WHAT TO DO:
A stretch of the entries below is to be set down exactly, running from the line with "Dominic Duffle Bag - Grey Buy" through the line with "May include: A", both included, and no other line.
[[ SUPPLIED RECORDS open ]]
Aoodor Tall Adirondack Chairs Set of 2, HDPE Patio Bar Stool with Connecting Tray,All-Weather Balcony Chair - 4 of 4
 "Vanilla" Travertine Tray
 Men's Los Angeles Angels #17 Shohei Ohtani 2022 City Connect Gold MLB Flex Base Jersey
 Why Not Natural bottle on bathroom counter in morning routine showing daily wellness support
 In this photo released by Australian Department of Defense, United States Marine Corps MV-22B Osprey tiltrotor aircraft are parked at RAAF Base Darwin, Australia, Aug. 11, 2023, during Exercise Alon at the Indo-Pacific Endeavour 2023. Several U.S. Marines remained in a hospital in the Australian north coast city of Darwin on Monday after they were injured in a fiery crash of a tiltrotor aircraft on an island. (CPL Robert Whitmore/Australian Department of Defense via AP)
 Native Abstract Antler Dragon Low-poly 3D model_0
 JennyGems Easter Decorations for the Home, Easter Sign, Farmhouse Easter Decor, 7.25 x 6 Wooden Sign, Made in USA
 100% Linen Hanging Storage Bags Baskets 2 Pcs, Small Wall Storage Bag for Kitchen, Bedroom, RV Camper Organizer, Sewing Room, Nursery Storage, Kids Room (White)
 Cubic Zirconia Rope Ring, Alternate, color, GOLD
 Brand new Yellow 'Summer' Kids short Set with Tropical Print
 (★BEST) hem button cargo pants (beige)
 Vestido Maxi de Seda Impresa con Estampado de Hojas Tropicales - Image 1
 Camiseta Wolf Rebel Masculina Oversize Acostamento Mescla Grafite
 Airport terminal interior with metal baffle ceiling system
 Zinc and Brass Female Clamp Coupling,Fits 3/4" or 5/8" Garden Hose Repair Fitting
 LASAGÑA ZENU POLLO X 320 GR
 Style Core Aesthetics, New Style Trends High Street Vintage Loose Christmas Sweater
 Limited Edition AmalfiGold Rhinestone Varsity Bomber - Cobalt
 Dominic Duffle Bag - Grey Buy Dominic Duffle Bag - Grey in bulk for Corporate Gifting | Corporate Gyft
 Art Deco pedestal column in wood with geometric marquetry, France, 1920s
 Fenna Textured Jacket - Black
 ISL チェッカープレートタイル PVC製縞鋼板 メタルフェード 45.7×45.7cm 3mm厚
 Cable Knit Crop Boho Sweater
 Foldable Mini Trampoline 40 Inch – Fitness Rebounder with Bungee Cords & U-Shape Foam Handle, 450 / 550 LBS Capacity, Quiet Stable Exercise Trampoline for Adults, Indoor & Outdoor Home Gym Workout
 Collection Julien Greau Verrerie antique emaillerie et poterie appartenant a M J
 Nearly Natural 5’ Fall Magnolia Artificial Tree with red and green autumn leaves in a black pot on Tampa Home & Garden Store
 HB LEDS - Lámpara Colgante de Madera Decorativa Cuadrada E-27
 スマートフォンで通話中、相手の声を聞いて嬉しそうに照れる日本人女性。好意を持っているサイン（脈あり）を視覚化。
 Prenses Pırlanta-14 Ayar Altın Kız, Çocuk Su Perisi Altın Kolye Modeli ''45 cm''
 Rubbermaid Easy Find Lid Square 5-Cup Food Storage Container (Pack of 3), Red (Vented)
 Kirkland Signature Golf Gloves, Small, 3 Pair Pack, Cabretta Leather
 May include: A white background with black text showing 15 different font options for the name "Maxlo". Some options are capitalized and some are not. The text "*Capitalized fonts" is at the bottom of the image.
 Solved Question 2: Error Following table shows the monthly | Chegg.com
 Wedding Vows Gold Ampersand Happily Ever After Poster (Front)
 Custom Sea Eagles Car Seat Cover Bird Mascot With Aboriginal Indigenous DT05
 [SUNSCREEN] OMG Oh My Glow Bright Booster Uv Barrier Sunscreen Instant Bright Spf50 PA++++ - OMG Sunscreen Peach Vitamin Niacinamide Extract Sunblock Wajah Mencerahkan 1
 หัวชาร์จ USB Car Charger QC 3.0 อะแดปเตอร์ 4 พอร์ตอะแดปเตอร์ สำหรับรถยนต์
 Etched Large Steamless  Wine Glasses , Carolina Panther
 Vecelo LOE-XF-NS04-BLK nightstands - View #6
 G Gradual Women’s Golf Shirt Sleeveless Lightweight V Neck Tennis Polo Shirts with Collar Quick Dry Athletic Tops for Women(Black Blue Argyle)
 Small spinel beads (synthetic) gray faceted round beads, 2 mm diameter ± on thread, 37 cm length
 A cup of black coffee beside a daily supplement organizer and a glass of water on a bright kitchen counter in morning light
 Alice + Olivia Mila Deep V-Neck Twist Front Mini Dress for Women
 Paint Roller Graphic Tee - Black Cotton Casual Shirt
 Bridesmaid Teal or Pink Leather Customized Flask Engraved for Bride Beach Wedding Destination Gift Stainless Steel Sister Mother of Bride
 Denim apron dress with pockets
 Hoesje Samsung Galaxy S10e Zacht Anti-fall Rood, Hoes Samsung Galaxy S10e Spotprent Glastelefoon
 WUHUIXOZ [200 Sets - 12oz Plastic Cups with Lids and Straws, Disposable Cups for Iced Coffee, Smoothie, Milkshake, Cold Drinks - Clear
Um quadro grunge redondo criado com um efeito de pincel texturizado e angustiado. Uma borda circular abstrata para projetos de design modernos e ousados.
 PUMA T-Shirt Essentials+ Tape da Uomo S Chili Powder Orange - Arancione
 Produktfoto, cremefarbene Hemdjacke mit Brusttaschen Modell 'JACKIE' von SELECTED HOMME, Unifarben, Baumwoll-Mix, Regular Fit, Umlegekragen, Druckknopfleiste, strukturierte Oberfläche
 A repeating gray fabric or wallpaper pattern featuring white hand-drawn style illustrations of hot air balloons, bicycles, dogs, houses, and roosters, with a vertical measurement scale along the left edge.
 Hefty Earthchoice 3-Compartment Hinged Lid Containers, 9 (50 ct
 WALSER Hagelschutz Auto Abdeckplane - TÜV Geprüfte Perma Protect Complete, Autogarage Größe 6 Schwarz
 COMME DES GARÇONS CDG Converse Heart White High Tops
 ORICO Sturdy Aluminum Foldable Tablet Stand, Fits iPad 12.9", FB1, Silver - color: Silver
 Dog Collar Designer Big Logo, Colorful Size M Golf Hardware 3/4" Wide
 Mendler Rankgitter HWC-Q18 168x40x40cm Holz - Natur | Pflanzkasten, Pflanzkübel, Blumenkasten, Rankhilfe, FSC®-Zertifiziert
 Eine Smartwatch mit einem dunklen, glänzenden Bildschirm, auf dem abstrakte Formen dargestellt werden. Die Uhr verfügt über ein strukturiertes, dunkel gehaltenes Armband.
[[ SUPPLIED RECORDS closed ]]
RESULT FOR THIS TASK:
 Dominic Duffle Bag - Grey Buy Dominic Duffle Bag - Grey in bulk for Corporate Gifting | Corporate Gyft
 Art Deco pedestal column in wood with geometric marquetry, France, 1920s
 Fenna Textured Jacket - Black
 ISL チェッカープレートタイル PVC製縞鋼板 メタルフェード 45.7×45.7cm 3mm厚
 Cable Knit Crop Boho Sweater
 Foldable Mini Trampoline 40 Inch – Fitness Rebounder with Bungee Cords & U-Shape Foam Handle, 450 / 550 LBS Capacity, Quiet Stable Exercise Trampoline for Adults, Indoor & Outdoor Home Gym Workout
 Collection Julien Greau Verrerie antique emaillerie et poterie appartenant a M J
 Nearly Natural 5’ Fall Magnolia Artificial Tree with red and green autumn leaves in a black pot on Tampa Home & Garden Store
 HB LEDS - Lámpara Colgante de Madera Decorativa Cuadrada E-27
 スマートフォンで通話中、相手の声を聞いて嬉しそうに照れる日本人女性。好意を持っているサイン（脈あり）を視覚化。
 Prenses Pırlanta-14 Ayar Altın Kız, Çocuk Su Perisi Altın Kolye Modeli ''45 cm''
 Rubbermaid Easy Find Lid Square 5-Cup Food Storage Container (Pack of 3), Red (Vented)
 Kirkland Signature Golf Gloves, Small, 3 Pair Pack, Cabretta Leather
 May include: A white background with black text showing 15 different font options for the name "Maxlo". Some options are capitalized and some are not. The text "*Capitalized fonts" is at the bottom of the image.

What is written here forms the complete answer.